Executive Summary

Here we will do some exploratory data analysis for the Coursera Data Science Capstone Project. The ultimate goal is to use a Corpora (provided here: https://d396qusza40orc.cloudfront.net/dsscapstone/dataset/Coursera-SwiftKey.zip) to develope a predictive text algorithm.
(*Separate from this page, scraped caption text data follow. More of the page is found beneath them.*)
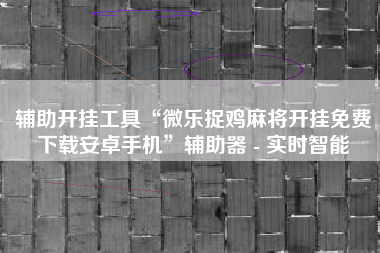 辅助开挂工具“微乐捉鸡麻将开挂免费下载安卓手机	”辅助器 - 实时智能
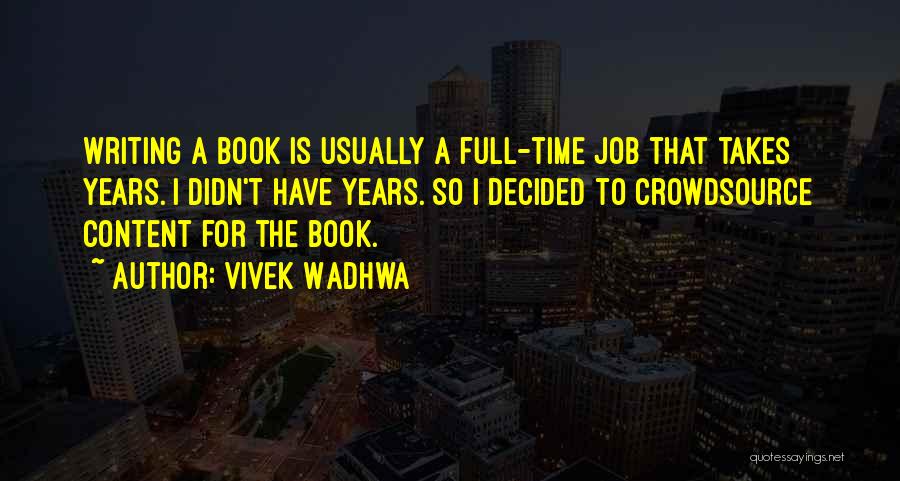 Vivek Wadhwa Quotes: Writing A Book Is Usually A Full-time Job That Takes Years. I Didn't Have Years. So I Decided To Crowdsource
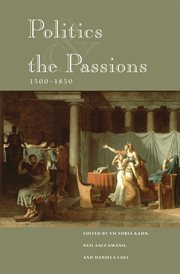 Politics and the Passions, 1500-1850 cover image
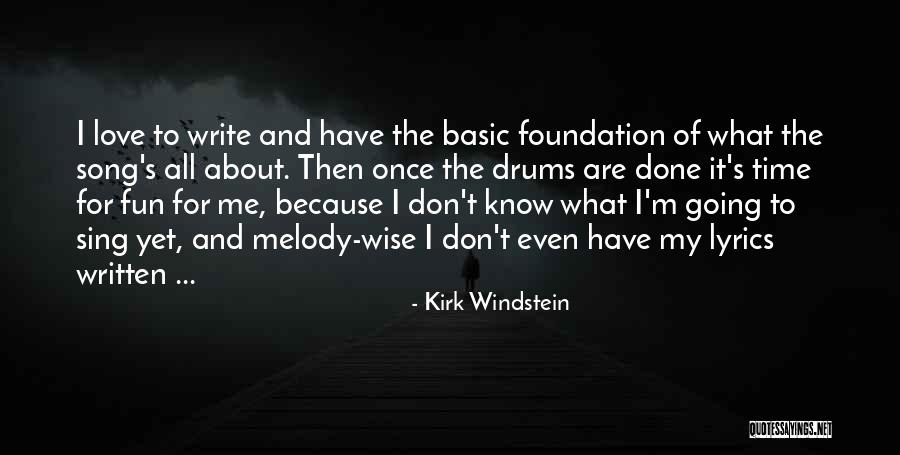 Sing The Melody Quotes By Kirk Windstein Sing The Melody Quotes By Kirk Windstein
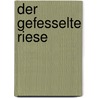 Der gefesselte Riese door martin schulz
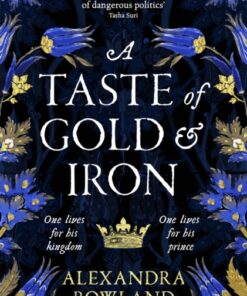 A Taste of Gold and Iron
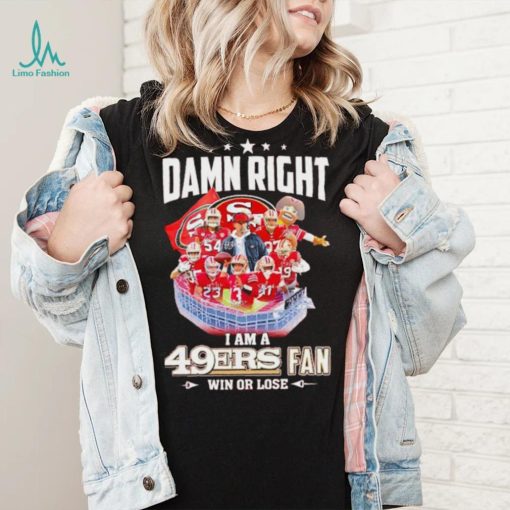 Damn right I am a 49ers fan win or lose signatures shirt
In this Milestone Report we will take a look at the Corpora and some of it’s features.

Let’s load our libraries

library(dplyr)
## Warning: Installed Rcpp (0.12.10) different from Rcpp used to build dplyr (0.12.11).
## Please reinstall dplyr to avoid random crashes or undefined behavior.
## 
## Attaching package: 'dplyr'
## The following objects are masked from 'package:stats':
## 
##     filter, lag
## The following objects are masked from 'package:base':
## 
##     intersect, setdiff, setequal, union
library(ggplot2)
library(stringi)
library(tm)
## Warning: package 'tm' was built under R version 3.4.1
## Loading required package: NLP
## 
## Attaching package: 'NLP'
## The following object is masked from 'package:ggplot2':
## 
##     annotate
library(RWeka)
## Warning: package 'RWeka' was built under R version 3.4.1
library(SnowballC)
library(RColorBrewer)

Here we define the URL where we get our Corpora

url <- "https://d396qusza40orc.cloudfront.net/dsscapstone/dataset/Coursera-SwiftKey.zip"
temp <- tempfile()
download.file(url,temp)
unlink(temp)
if (!file.exists("Coursera-SwiftKey.zip")) {
  download.file("https://d396qusza40orc.cloudfront.net/dsscapstone/dataset/Coursera-SwiftKey.zip")
  unzip("Coursera-SwiftKey.zip")
}
blog_file <- file("Coursera-SwiftKey/final/en_US/en_US.blogs.txt", "r")
news_file <- file("Coursera-SwiftKey/final/en_US/en_US.news.txt", "r")
twitter_file <- file("Coursera-SwiftKey/final/en_US/en_US.twitter.txt", "r")

Let’s look at some of the content of the Corpora

readLines(blog_file, 2)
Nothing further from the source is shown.